Raft leader election, but you control the network

A switch between two racks starts dropping packets. Your primary is on one side, two of its five replicas on the other. The primary never notices it is cut off — from its own view, three peers went quiet, which looks exactly like three peers being slow. It keeps accepting writes. On the other side of the break, the replicas decide the primary is dead and promote one of their own. Now two nodes are taking writes under the same name, and the only thing standing between you and silent divergence is whatever rule decides which writes are real.
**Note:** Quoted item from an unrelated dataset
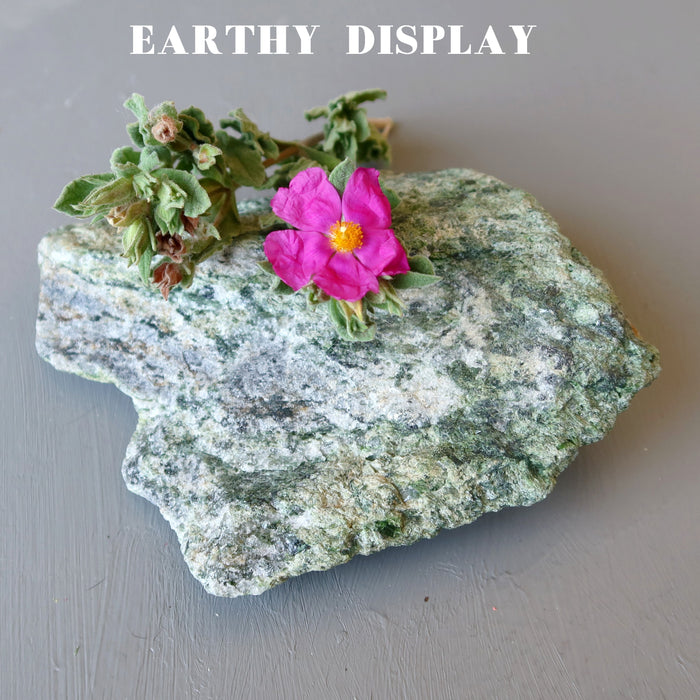 rough green epidote standing mineral stone with pink flowers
That rule is the entire point of a consensus protocol. Leader election is the easy-sounding half of Raft, and the half where the dangerous mistakes live, because the failure is not “no leader” — it is “two leaders, both confident, both writing.” This piece is about how Raft makes that outcome impossible to commit, even while you are actively trying to engineer it.

The naive approach

You do not need a paper to elect a leader. Have every node ping every other node a few times a second. If a node stops hearing from the current primary for, say, a second, it concludes the primary is down and the lowest-numbered surviving node takes over. Heartbeat-based failover, the pattern behind a thousand keepalived configs and homegrown HA scripts.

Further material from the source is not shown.